Fenton's "Spinning Dolphins" have clearly taken a holiday in the Andes, and the result is a joyfully melodic folk dance. Slow-building majesty best describes "Blue Whale", music which combined with the television images really did inspire awe, and on disc is a magnificent orchestral showcase.

With "Jelly Fish" and "Surfing Snails" the album changes direction, offering two electronic cues performed by Fenton and David Lawson, both pieces being infused with a gentle descriptive wit. The former sounds like serene cocktail lounge music, the latter a rather funky '70's cop movie theme pastiche. Fun as these are it is a pleasure to return to the orchestral score for a dramatic yet lyrical portrait of "Emperors". So it goes, from lugubrious turtles to the haunting alien world of "The Deep Oceans" to almost imperial menace of the "Elephant Seal March". "Coral Wonder" has string writing evocative of Herrmann's Vertigo, while the final epic portrayal of "Killer Whales" moves from gentle grace to cascading torrents of orchestral power.

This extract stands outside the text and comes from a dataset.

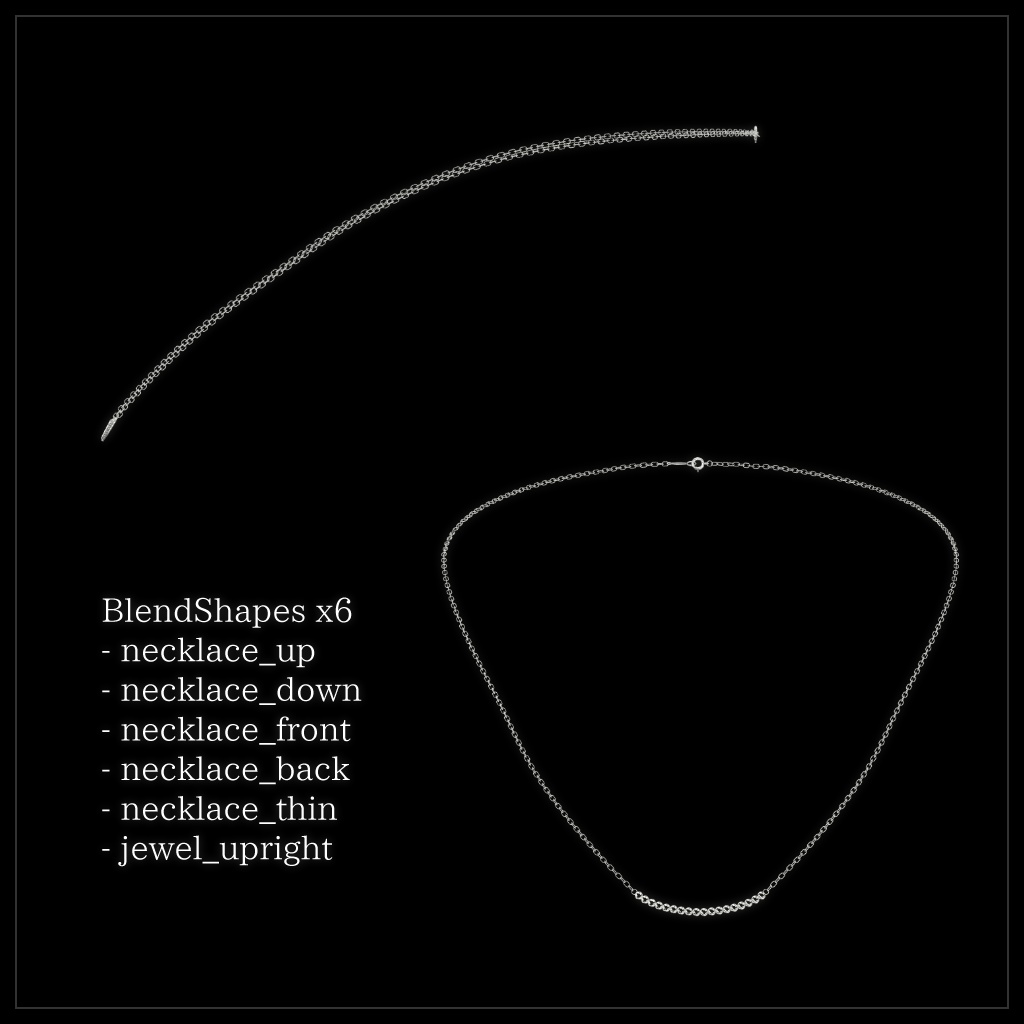 『VEDA Necklace 001』VRChat向けアクセサリー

If you were not already convinced, with The Blue Planet following the brilliant Anna and the King (1999) it is clear George Fenton is one of our premiere composers, who when given the opportunity can work successfully on the grandest of scales. This music is constantly inventive, wonderfully orchestrated and filled with melody. The performances and recording are first-rate. If there were any justice and indeed, if there were sufficient films worthy of quality scores still being made, Fenton would be - alongside Adrian Johnston, Christopher Gordon, Charlie Mole, Edward Shearmur, Mark Thomas and Debbie Wiseman - one of the biggest names in Hollywood.